There’s sense in this: the language is preventing multiple simultaneous sends. If it allowed self.writer to be accessible to other code while the Future was not complete, then that other code could potentially, unsafely, call send again.

But it makes it difficult to store the writer in a struct – something any reasonably complex application is going to need to do. The two Rust-approved solutions here are to always move writer around as a local variable (as done in the demo), or to move self in the run method (fn run(self) ..). The first “hides” writer in a thicket of closures, making it difficult or impossible to find when, for example, another user sends this one a private message. The second just moves the problem: now we have a ChatConnection object to which nothing but the run method is allowed to refer, meaning that nothing can communicate with it.

The Fix

The most obvious fix is to wrap the writer in another layer of abstraction with runtime safety guarantees. This means something like a Mutex, although the Mutex class will block a thread on conflict, which will result in deadlock in a single-threaded, asynchronous situation such as this one. I assume there is some Futures equivalent to Mutex that will return a Future<Item = Guard> which resolves when the underlying resource is available.
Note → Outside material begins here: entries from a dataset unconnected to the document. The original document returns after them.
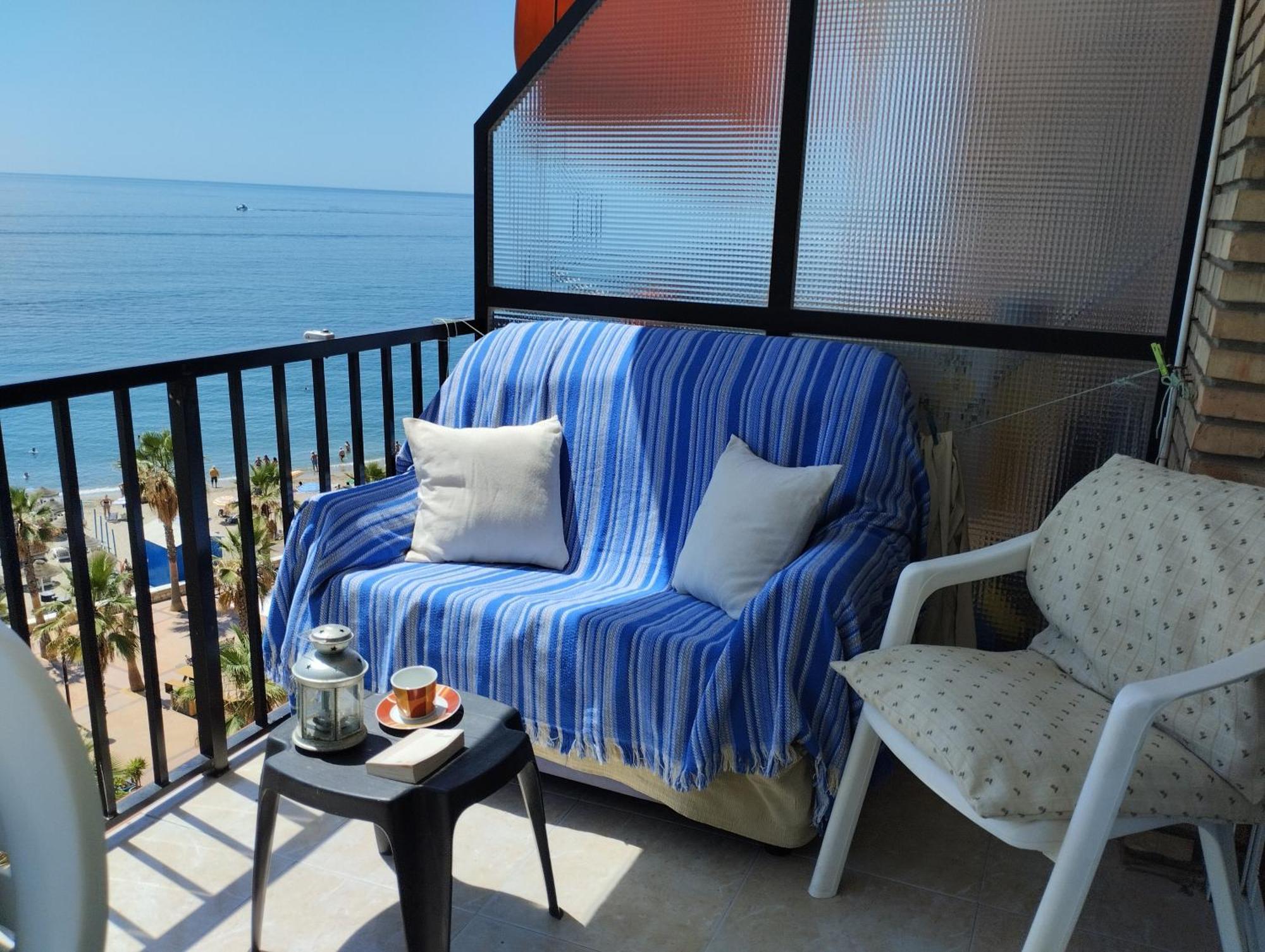 Fuengirola Playa Carina Apartman Kültér fotó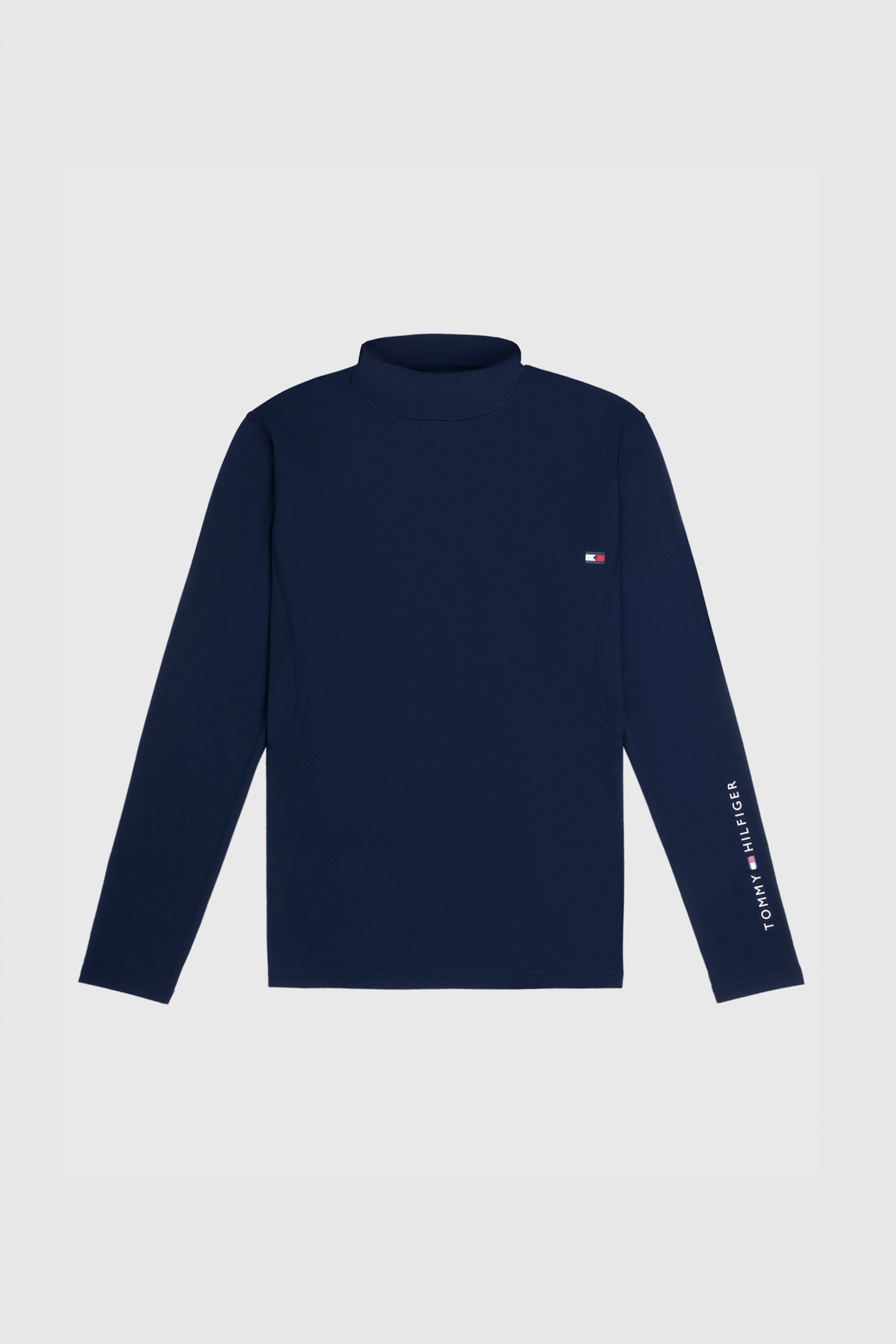 Tommy Hilfiger Equestrian Phoenix Men´s High Neck Longsleeved Shirt Mens Riding Clothing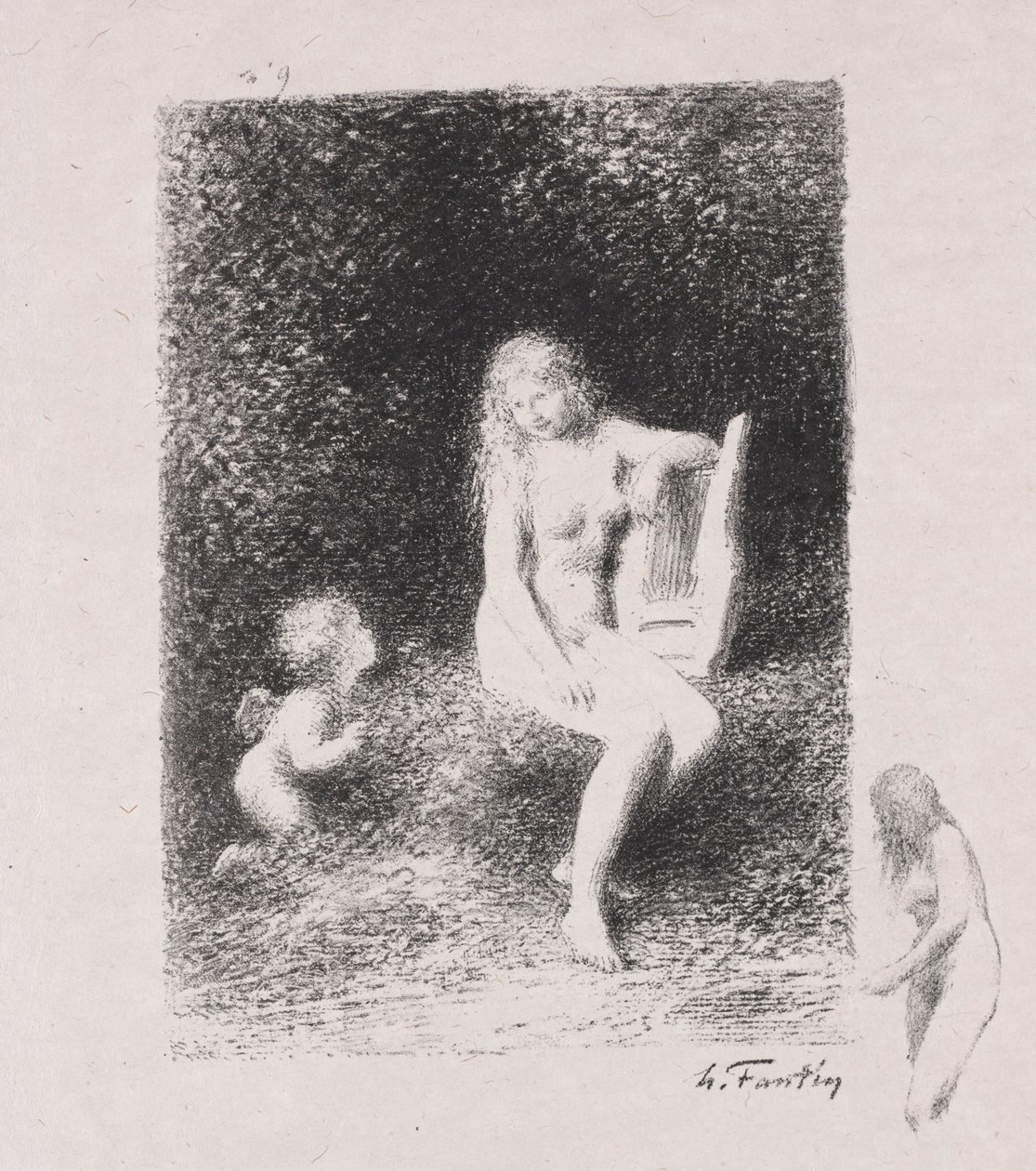 XXI. af Ignace Henri Jean Fantin-Latour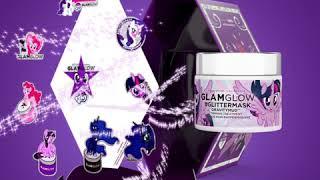 GLAMGLOW® x My Little Pony #GLITTERMASK GRAVITYMUD™ Firming Treatment - Twilight Sparkle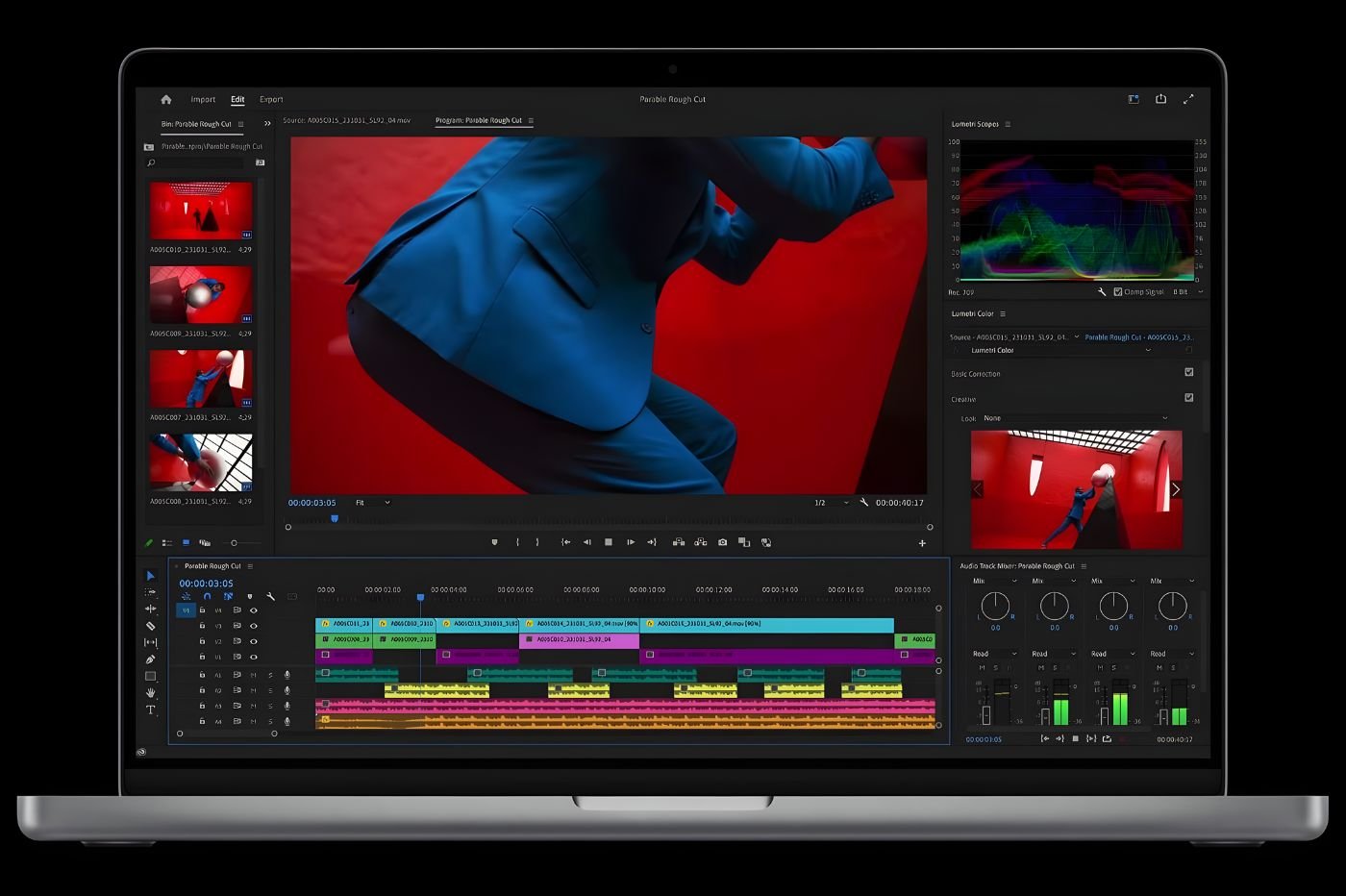 Final cut pro macbook pro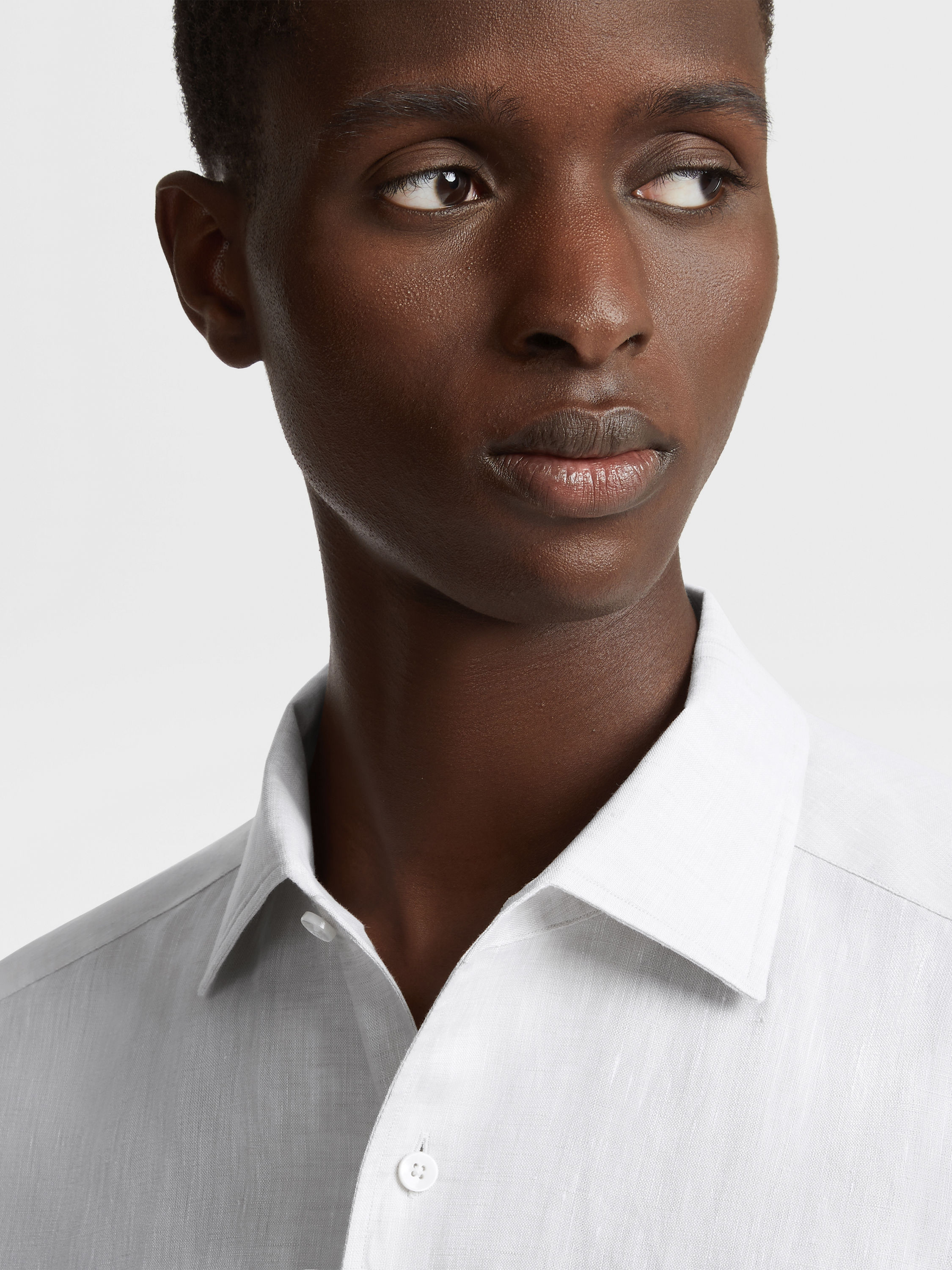 Oasi Lino Shirt Product detail photo #2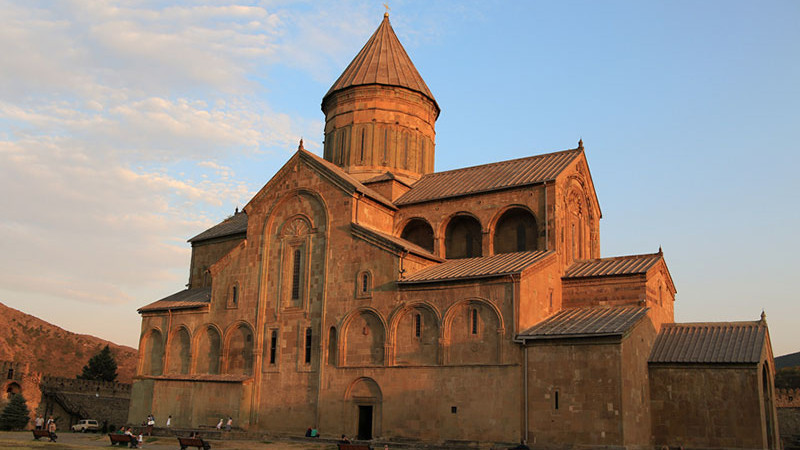 Svetitskhoveli Cathedral, Mtskheta, Georgia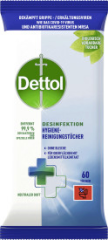 DETTOL Hygiene Reinigungstücher 3193971 neutraler...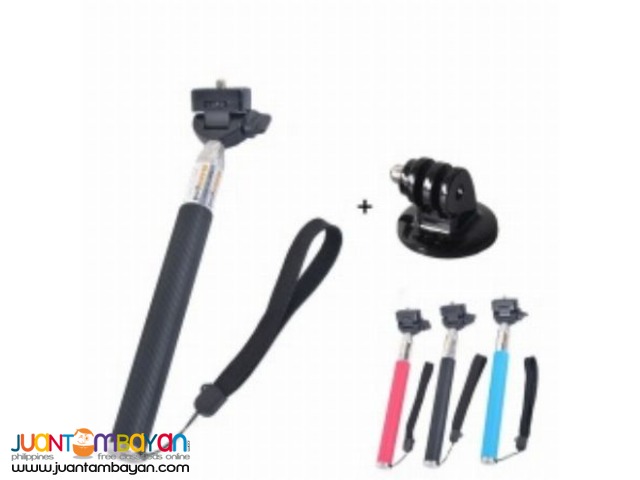 Monopole With Adapter For Sport Camera Monopole With Adapter For Sport Camera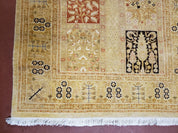 3' 2" x 12 ' 6" Pak Persian Safavieh Runner Haji Jalil Fine Runner Rug 3ft Runner 12ft Runner 13ft Runner Panel Design Runner Hand-Knotted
Looking at some of the existing chat examples, I see that they use futures::sync::mpsc channels to communciate between connections. This is in keeping with the stream/sink model (channels are just another form of a stream), but replacing the Future-yielding send with the non-blocking (but memory-unbounded) unbounded_send method.

Frustration

I feel like this solution is “cheating”: the language makes it difficult to send messages on the channel it provides, so wrap it in anohter channel with better semantics. Even the code to connect those two channels is, to my eye, obfuscating this issue:

        let socket_writer = rx.fold(writer, |writer, msg| {
            let amt = io::write_all(writer, msg.into_bytes());
            let amt = amt.map(|(writer, _)| writer);
            amt.map_err(|_| ())
        });

That rx.fold function is doing a lot of work, but there is nary a comment to draw attention to this fact. Those accustomed to functional programming, and familiar with Rust’s use of the term “fold” for what most languages call “reduce”, might figure out what’s going on more quickly. The writer is moved into the accumulator for the fold (reduce) operation, then moved into the closure argument, and when the future is finished it is moved back into the accumulator for the next iteration. This is a clever application of the first Rust-approved solution above: move the writer around in local variables without ever landing it in a stable storage location.

So, this is a key characteristic of asynchronous Rust, without which programs will not compile. Yet these “examples”, which are meant to be instructive, bury the approach behind some clever stream combinators as if they are ashamed of it. The result is almost immediate frustration and confusion for the newcomer to asynchronous Rust trying to learn from these examples.